Z.AI unveils MIT-licensed open source GLM5 on Hugging Face, delivering near-proprietary performance for autonomous coding and complex engineering tasks, as closed vendors scramble to iterate.
Open source artificial intelligence has gained a heavyweight contender. Z.AI has launched GLM5, a 744-billion-parameter model released under the permissive MIT licence and hosted on Hugging Face, positioning community-led development directly against proprietary large language models.
Designed for autonomous coding and agentic engineering, GLM5 targets real-world software workflows rather than general chat. The system supports debugging, refactoring, repository navigation, and complex workflow automation, aided by 40 billion active parameters per task, training on 28.5 trillion tokens, and a 200,000-token context window that enables sustained reasoning across large codebases.
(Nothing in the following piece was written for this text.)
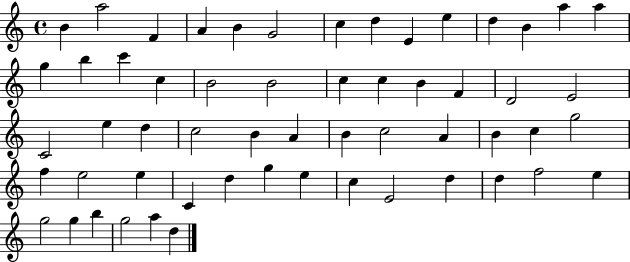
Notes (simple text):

Benchmark results suggest the open source approach is closing the performance gap. GLM5 scored 77.8% on Software Engineering Bench and 56.2% on Terminal Bench 2.0, leading open source peers. It ranked highest on Vending Bench 2 for long-term operational capability and achieved 50.4% on Humanity’s Last Exam, reportedly competing with or surpassing proprietary systems from OpenAI and Anthropic, as well as Gemini 3 Pro–class models.
The release signals a broader shift towards accessible, lower-cost, community-built AI that rivals closed alternatives in capability and scale.
Meanwhile, a possible Gemini 3.1 Pro update has surfaced in third-party benchmarks, though Google has not confirmed specifications. The unverified sighting points to incremental tuning rather than a major leap.
Together, these developments underline a tightening race where open source is no longer catching up but competing head-on.